Exercise requirements
The reply must contain exactly the lines below from the one with "Zunanja slika - Volkswagen" down to the one with "Jinxueer 2 piece", both included, and nothing more; please omit the pictures.

The records
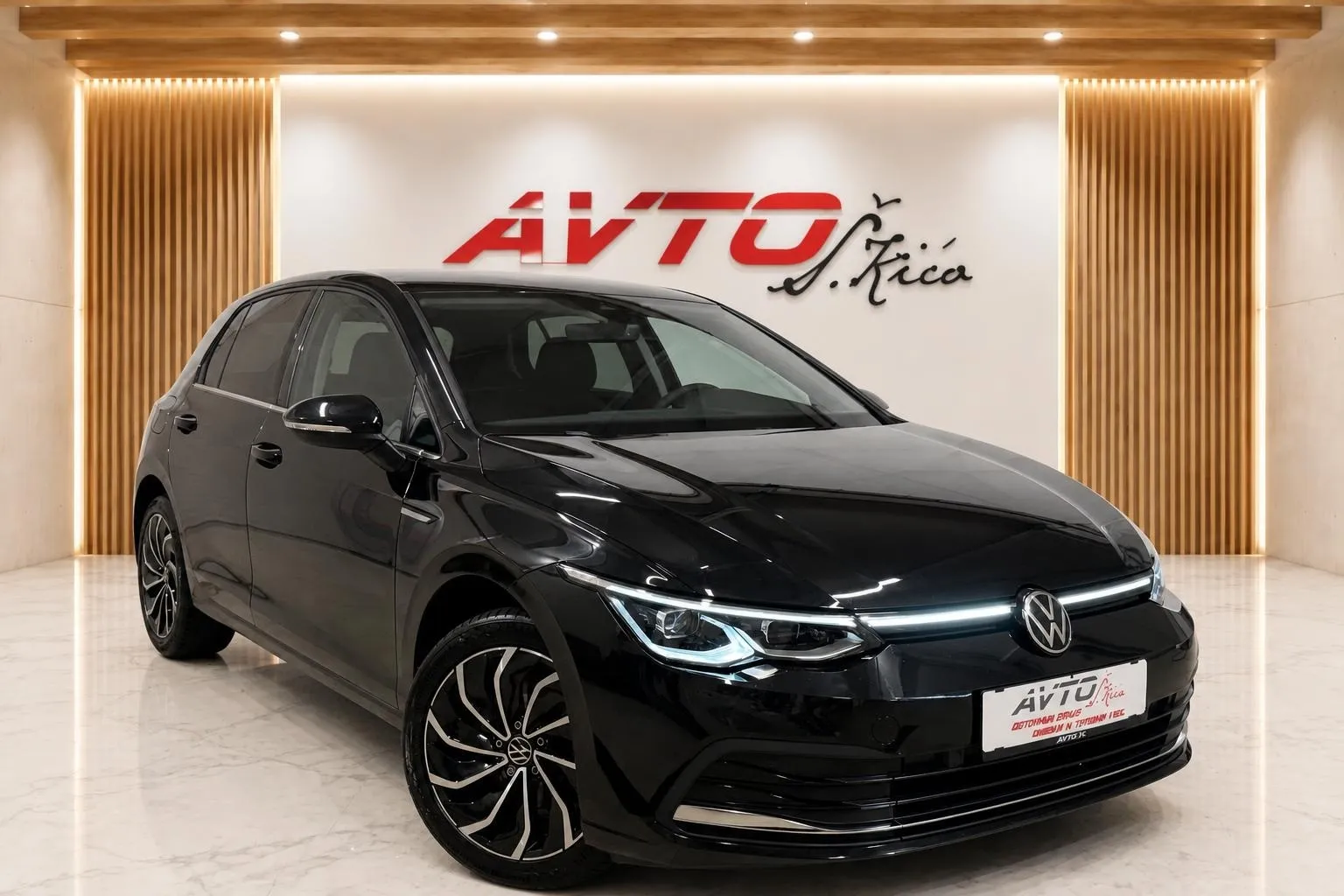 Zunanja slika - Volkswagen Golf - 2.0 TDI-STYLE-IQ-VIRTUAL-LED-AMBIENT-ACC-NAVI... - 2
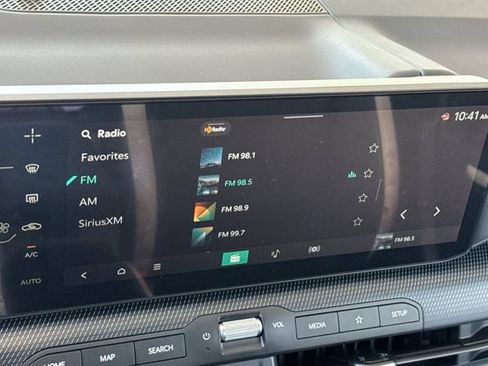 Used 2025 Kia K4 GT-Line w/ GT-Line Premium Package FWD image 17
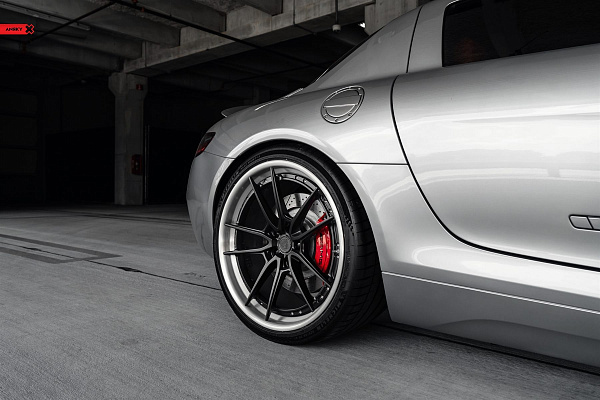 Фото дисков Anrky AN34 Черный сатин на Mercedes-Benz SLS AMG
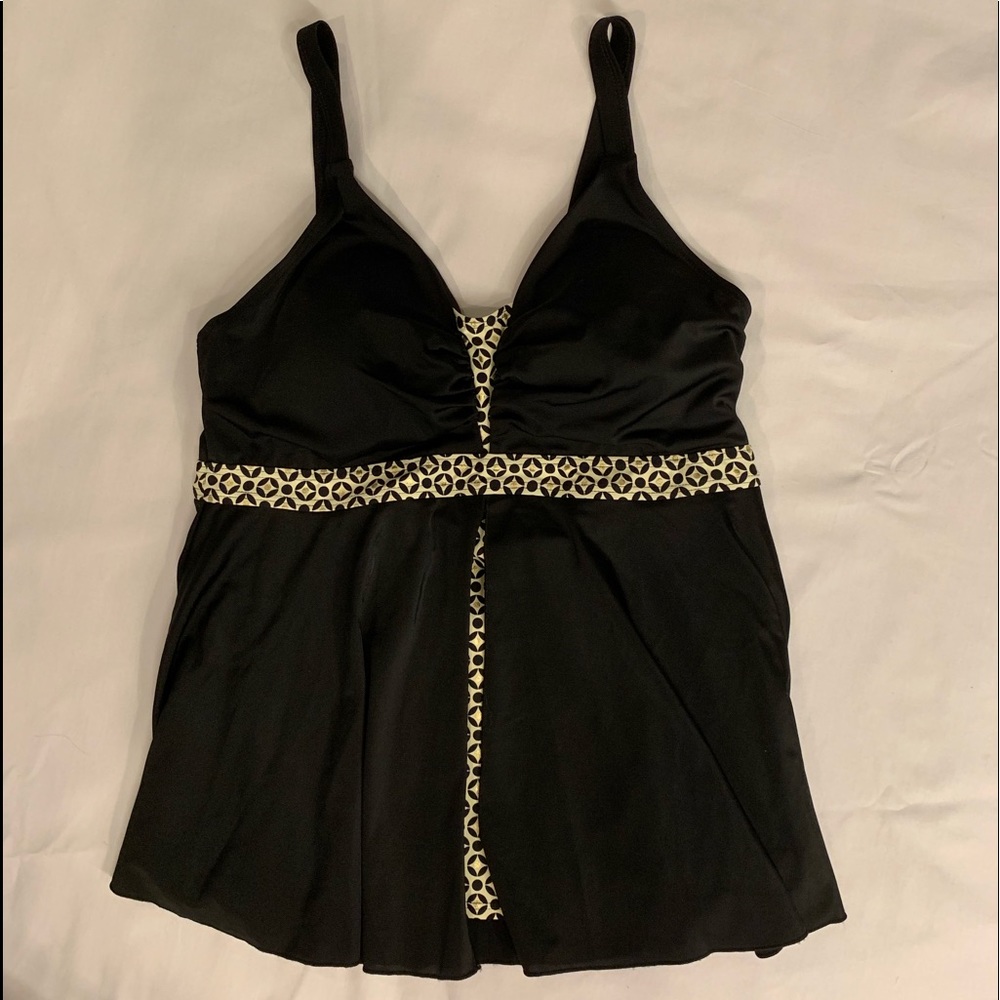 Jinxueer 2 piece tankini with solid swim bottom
* * *
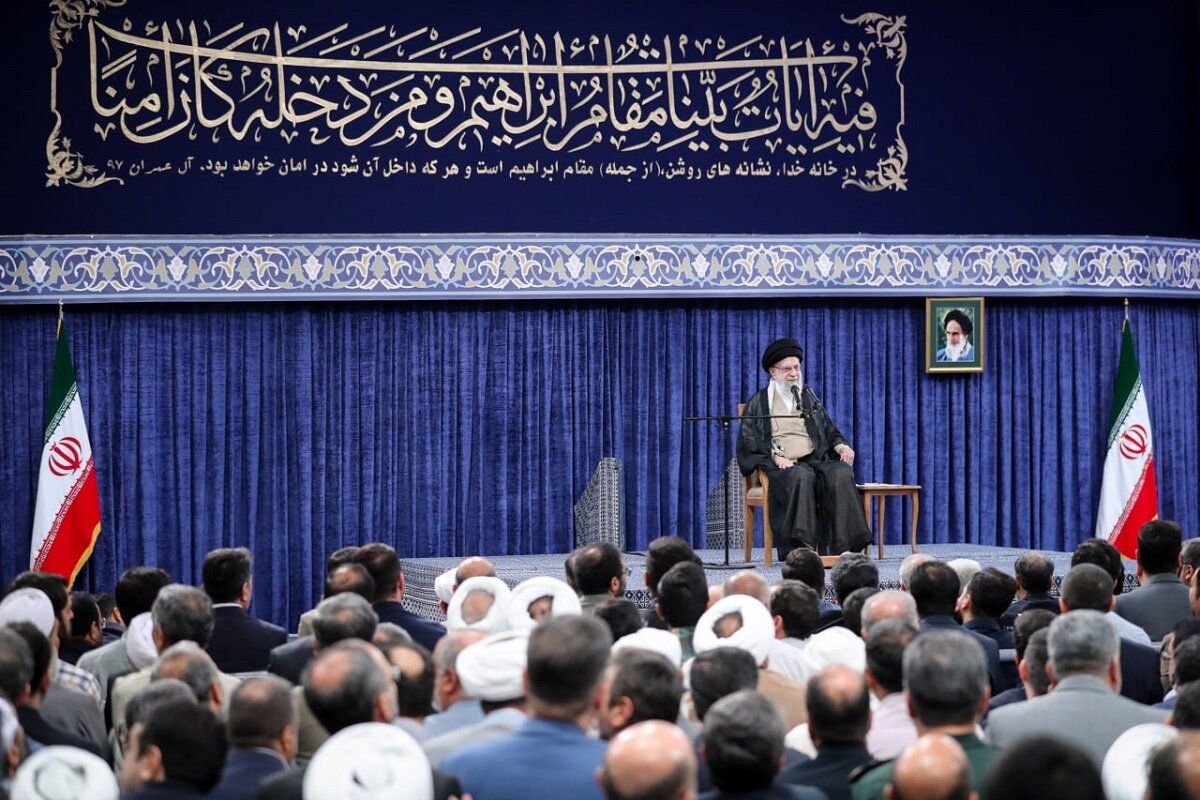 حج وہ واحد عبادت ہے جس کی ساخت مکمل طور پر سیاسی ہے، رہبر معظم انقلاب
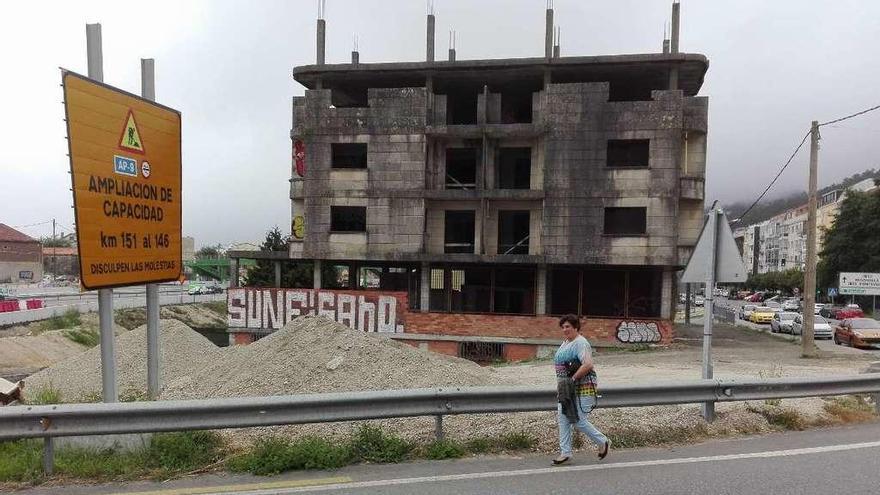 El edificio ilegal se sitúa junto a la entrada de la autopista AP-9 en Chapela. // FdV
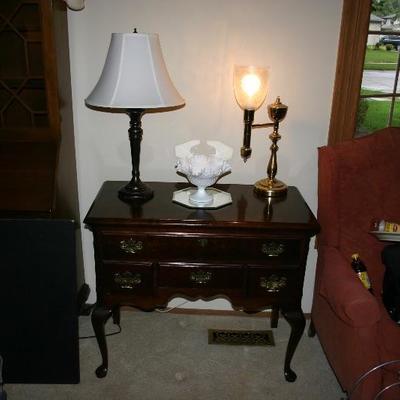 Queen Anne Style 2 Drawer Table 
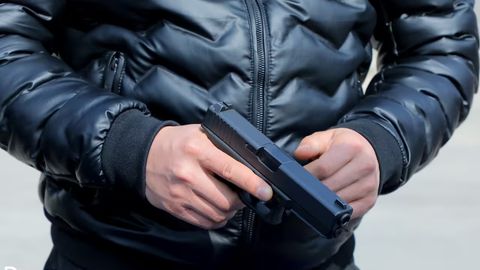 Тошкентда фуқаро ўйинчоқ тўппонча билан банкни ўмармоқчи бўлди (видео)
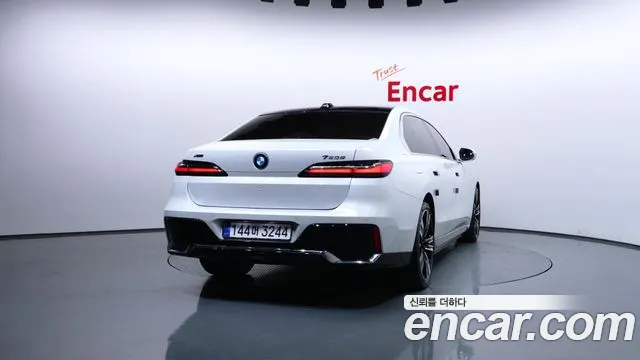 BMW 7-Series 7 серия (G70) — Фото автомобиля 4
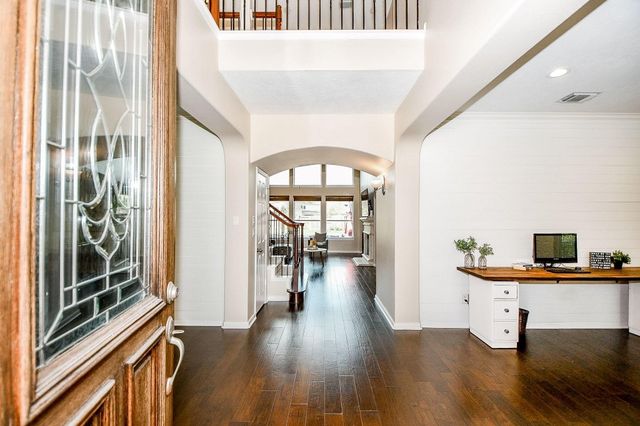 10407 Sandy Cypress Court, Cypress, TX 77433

Written answer
 Zunanja slika - Volkswagen Golf - 2.0 TDI-STYLE-IQ-VIRTUAL-LED-AMBIENT-ACC-NAVI... - 2
 Used 2025 Kia K4 GT-Line w/ GT-Line Premium Package FWD image 17
 Фото дисков Anrky AN34 Черный сатин на Mercedes-Benz SLS AMG
 Jinxueer 2 piece tankini with solid swim bottom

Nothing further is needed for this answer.